§ **MATERIAL PROVIDED**
****

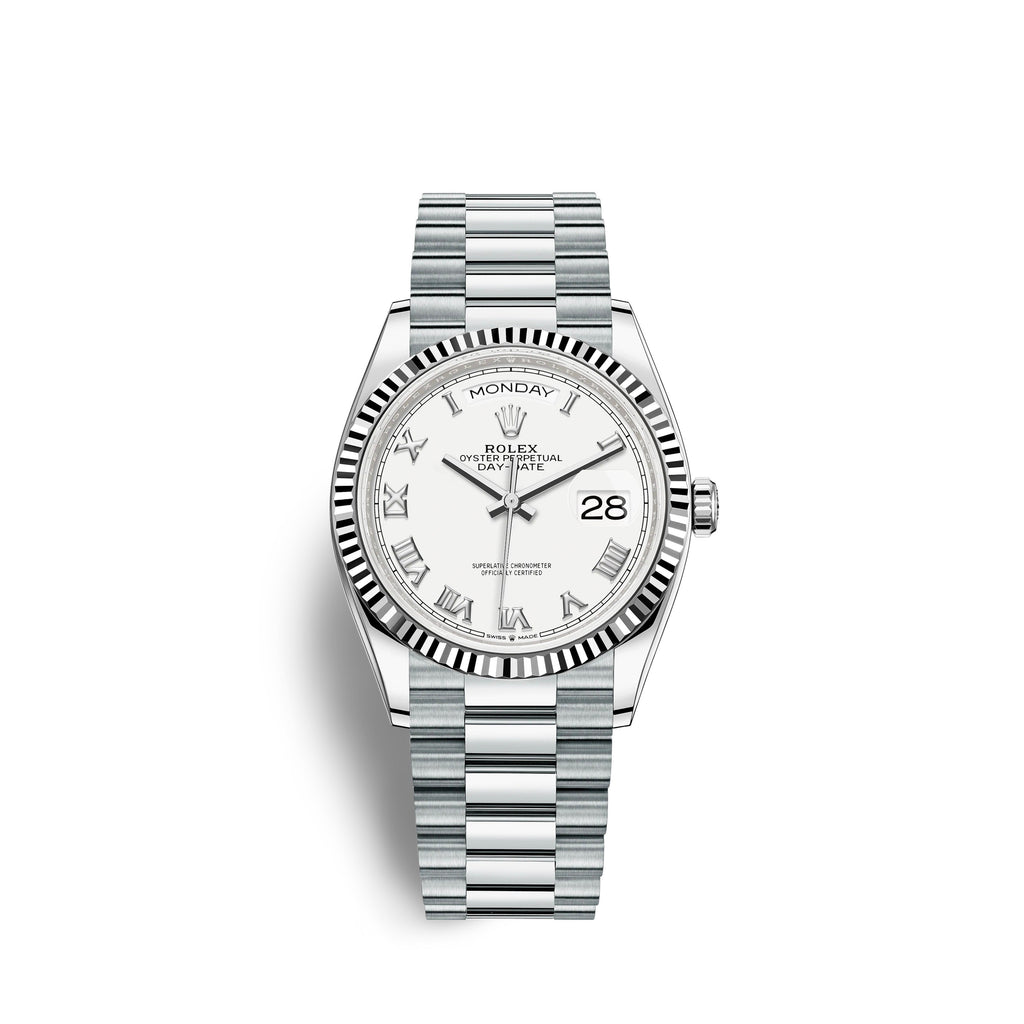 Day-Date, 36mm, Platinum, Ref# 128236-0007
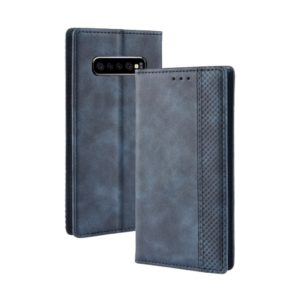 Magnetic Buckle Retro Texture Horizontal Flip Leather Case for Galaxy S10+, with Holder & Card Slots & Wallet (Blue) (OEM)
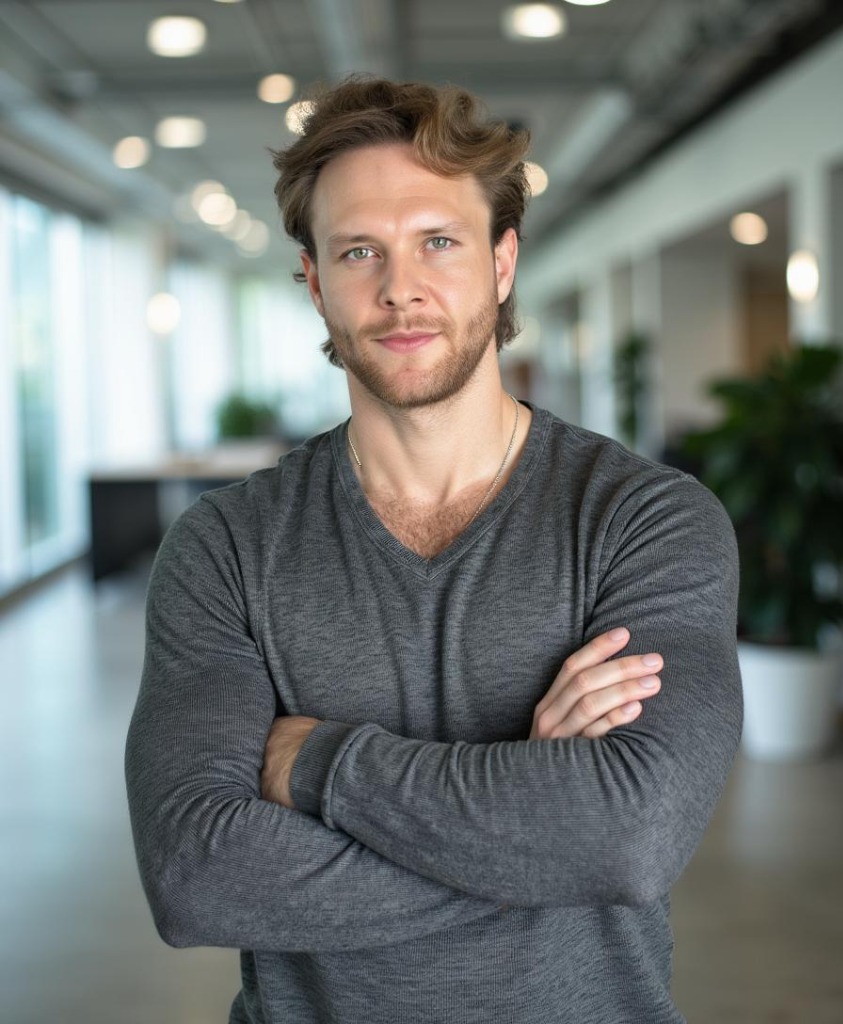 Raphaël Paya assis dans la bibliothèque chic d'un lounge, entrepreneur et expert de la vente B2B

****

§ **PROBLEM TO SOLVE**
Retype each line above exactly and leave out any picture.

§ **SOLUTION FOR THIS PROBLEM**
 Day-Date, 36mm, Platinum, Ref# 128236-0007
 Magnetic Buckle Retro Texture Horizontal Flip Leather Case for Galaxy S10+, with Holder & Card Slots & Wallet (Blue) (OEM)
 Raphaël Paya assis dans la bibliothèque chic d'un lounge, entrepreneur et expert de la vente B2B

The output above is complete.